** Dataset excerpt **
::::::::

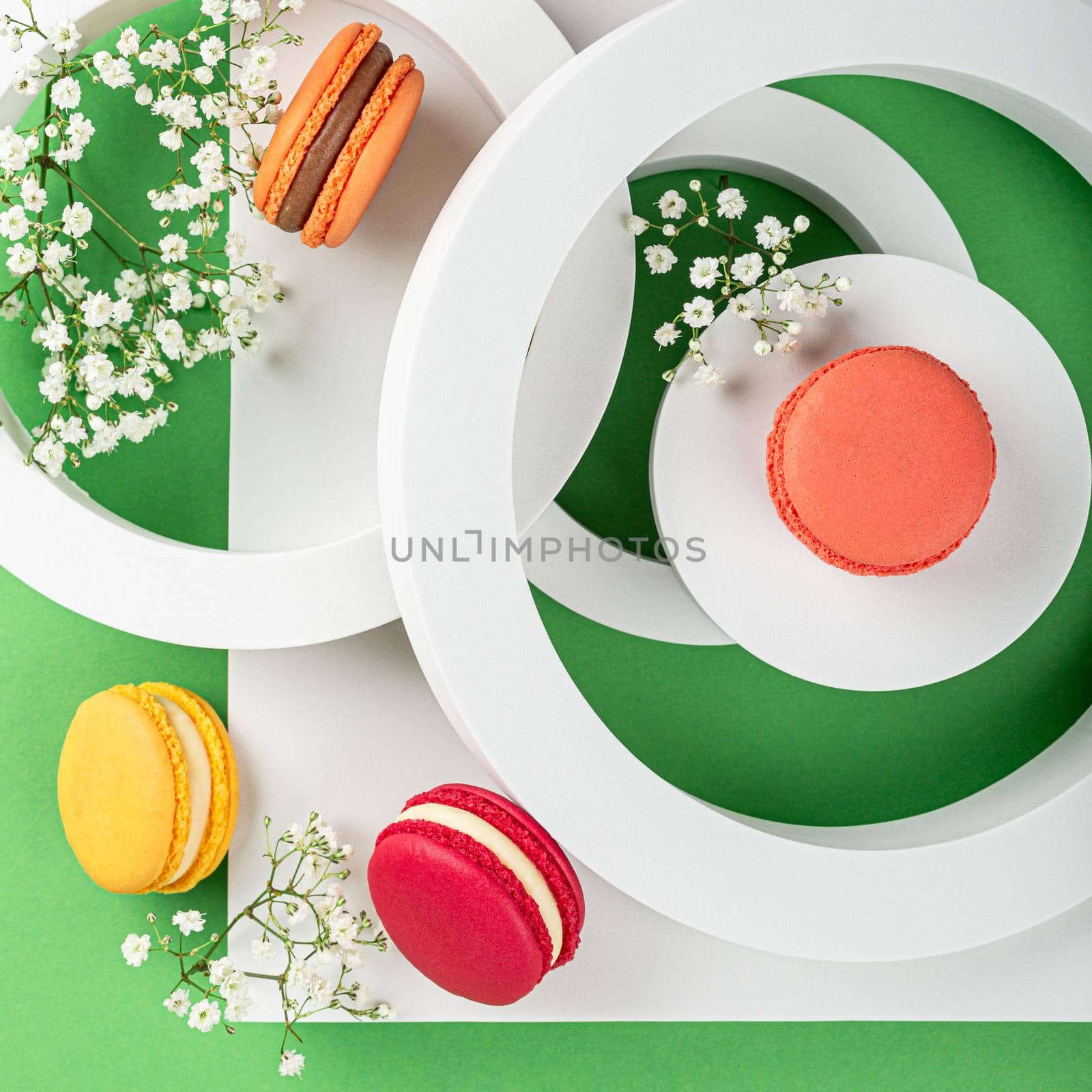 Overhead shot of macaron or macaroon cookies with white circles and flowers on green background from above, colorful almond small cakes, modern greetings card, top view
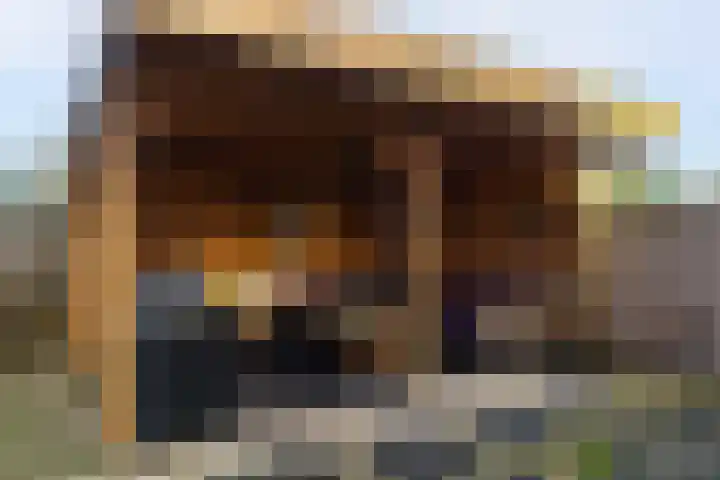 De Lede 24 Zetten thumbnail 9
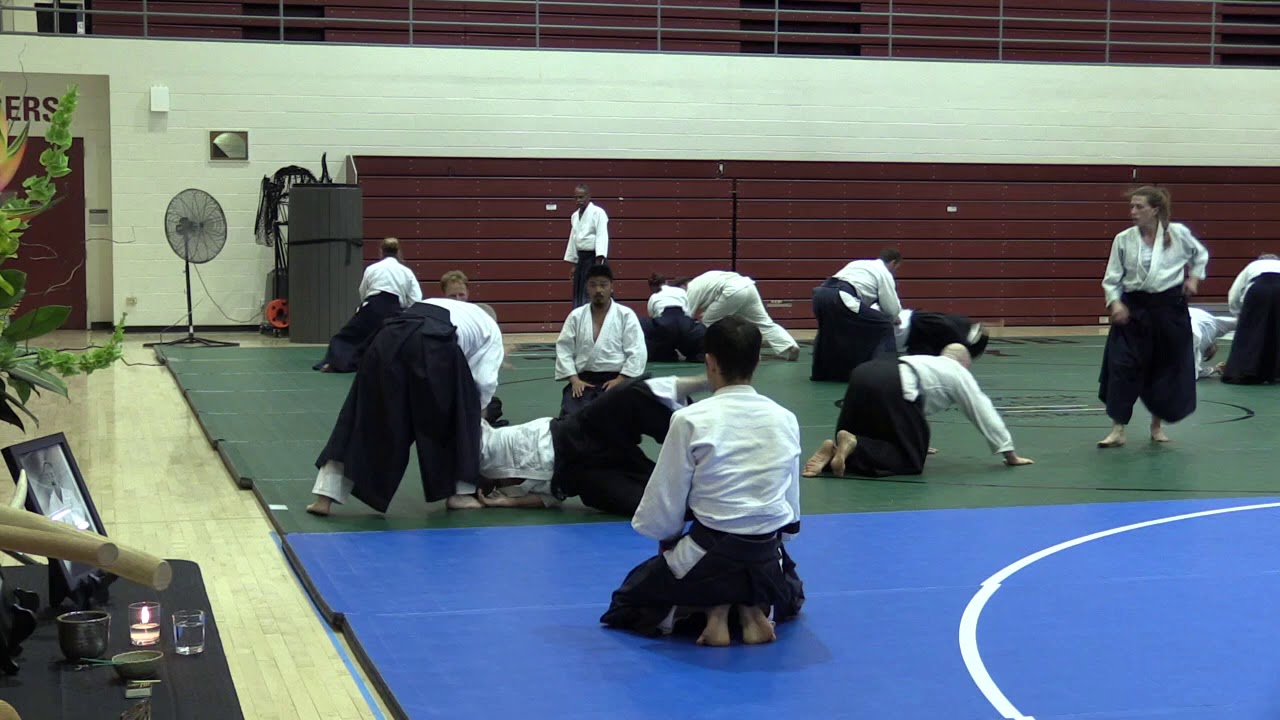 Birankai Aikido Summer Camp 2018 - D. Boyet, Class 4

::::::::

** Your task **
In your answer, repeat the material above in full, exactly, and without its pictures.

** Solution for this problem **
 Overhead shot of macaron or macaroon cookies with white circles and flowers on green background from above, colorful almond small cakes, modern greetings card, top view
 De Lede 24 Zetten thumbnail 9
 Birankai Aikido Summer Camp 2018 - D. Boyet, Class 4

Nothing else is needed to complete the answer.